Verses taken from biblegateway

A bold suggestion

So why would God allow such irresponsible verses exist? Why does He allow His Word to be perverted such? I suggest this:

2Thess 2:1-4

1Now we beg you, brethren, by the coming of our Lord Jesus Christ and our gathering together to him,
2that ye be not soon shaken in mind, nor troubled, neither by spirit, nor by word, nor by letter, as [if it were] by us, as that the day of the Lord is present.
3Let not any one deceive you in any manner, because [it will not be] unless the apostasy have first come, and the man of sin have been revealed, the son of perdition;
4who opposes and exalts himself on high against all called God, or object of veneration; so that he himself sits down in the temple of God, shewing himself that he is God.

2 Tim 4
1
I testify before God and Christ Jesus, who is about to judge living and dead, and by his appearing and his kingdom,
2proclaim the word; be urgent in season [and] out of season, convict, rebuke, encourage, with all longsuffering and doctrine.
3For the time shall be when they will not bear sound teaching; but according to their own lusts will heap up to themselves teachers, having an itching ear;
4and they will turn away their ear from the truth, and will have turned aside to fables.

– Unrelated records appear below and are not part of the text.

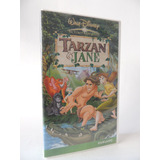 Filme Vhs Disney Tarzan E Jane Dublado r 5 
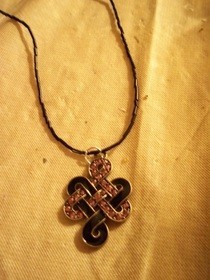 Endless Celtic Knot Necklace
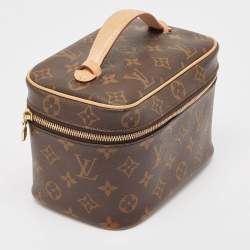 Louis Vuitton Monogram Canvas Nice Mini Vanity Case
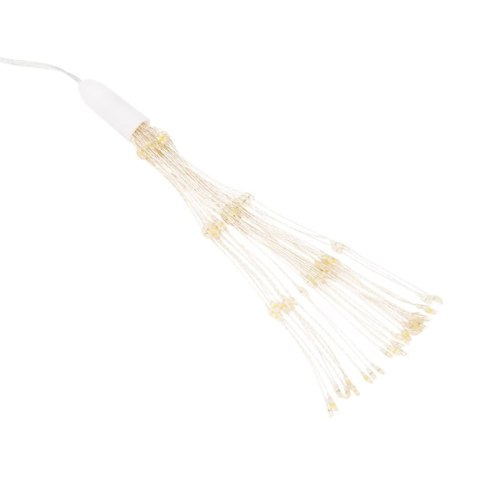 OZDOBY ŚWIĄTECZNE 140 LAMPEK LED 2 SZT CIEPŁA BIEL 17CM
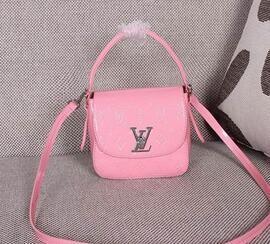 Túi mini 3ways cho Louis Vuitton Redes với cảm giác màu hồng và dễ thương _ Louis Vuitton Louis Vuitton_ Thương hiệu giá rẻ 
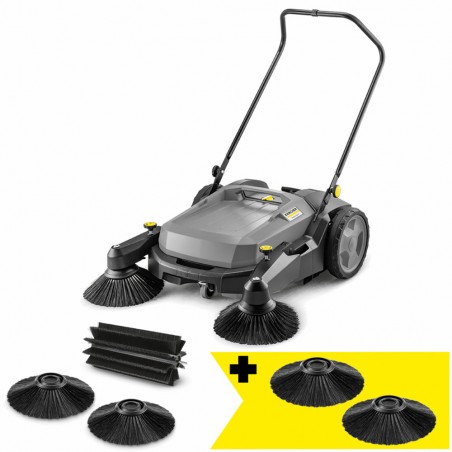 Przemysłowa Zamiatarka Karcher KM 70/20 C 2SB (980 mm, 3920 m²/h) SET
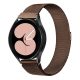 Xiaomi Mi Watch S1/S2/S3/Active 22mm milánói mágneses fém okosóra szíj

Contrary to popular belief, Christianity will NOT take over the world. Before the true church is raptured (which we have no idea when), there will be a great apostasy, a letting go of what was once held as truth, a turning back from the Word of God. Yes, the professing church will grow, many will claim to be Christians, but may not be truly born again. What tools do you think the devil will use to effect this apostasy? The Quran? the Bhagavad-Gita? No, it’ll be a perverted version (definition mine) of the word of God, just like how he deceived the woman before the fall.

Have you noticed that the upsurge of paraphrased and dynamic translations of the bible have only occurred in the recent decades? Even through the reformation, right down to the early 19th century, there were but a few versions of the english bible available, most of them literal translations, and it was through these translations massive (and real) revivals occured in the hearts of men. Uber preachers like spurgeon, george whitfield, moody, etc… quoted scriptures from literal translations of the bible with great Holy Spirit wrought results.

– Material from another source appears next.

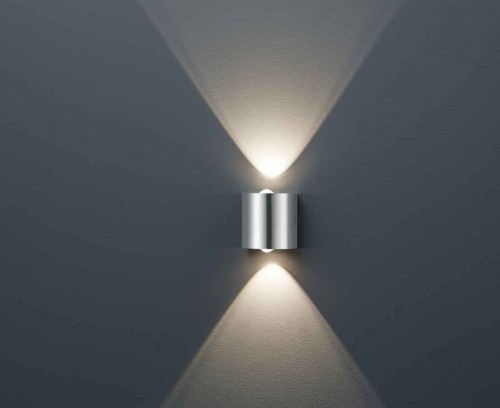 Trio LED Kinkiet WALES, 2x3,2W, Nikiel 225510207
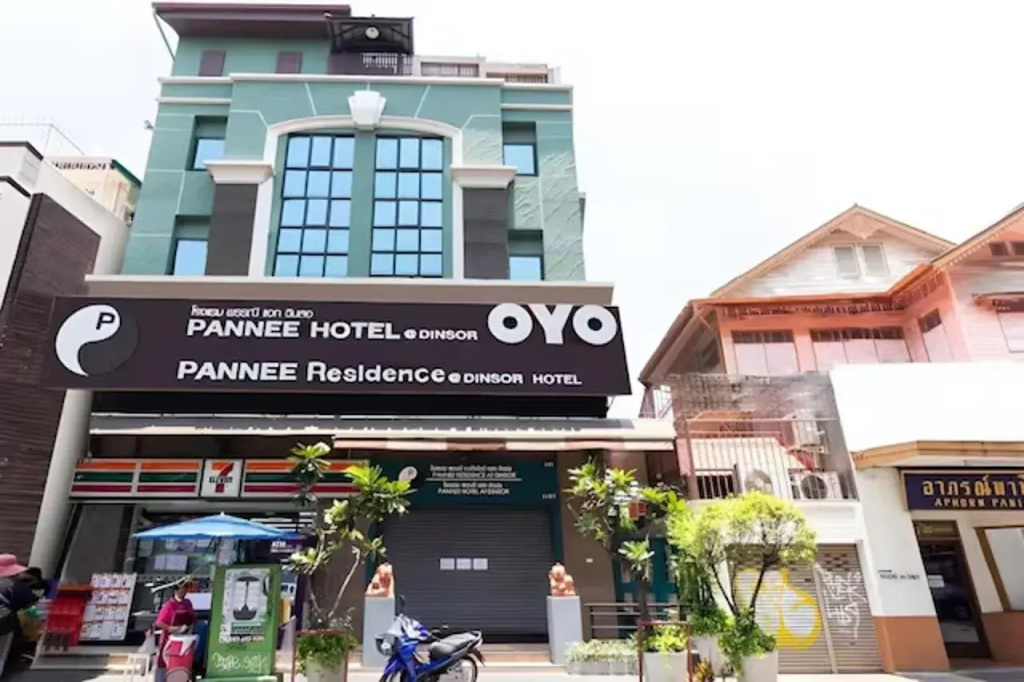 Super OYO 484 Pannee Residence Khaosan (Sha Plus) — фото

I suggest that God is allowing these translations to surface because the apostasy is increasing. The falling away has begun.

What should we do

1. Read smart. While reading dynamic translations (I usually don’t go further than the archaic NIV) help us understand the idea behind the message, its always good to counter check the idea with a bible with literal translation (AV,Darby,LITV,YLV). Usually if the idea is correct, the literal translation will suddenly make sense (at least for me).

2. read a literal version. If you can only afford one bible, get a literal version. The King James Version only costs a few ringgit, is free from copyright laws and royalty committments, and if you have extra cash because you’ve bought a cheap bible, buy a cheap dictionary. Read the bible, and lookup words you can’t understand. After a while, you’ll understand the words, and reading becomes easier, and hey, you’ve got a better vocabulary! ;)

3. warn our children. Our young ones are in danger here. Help them understand the bible, have home bible studies for them. Raise them up in the solid word of God. Start them young. They may even do better at English in school.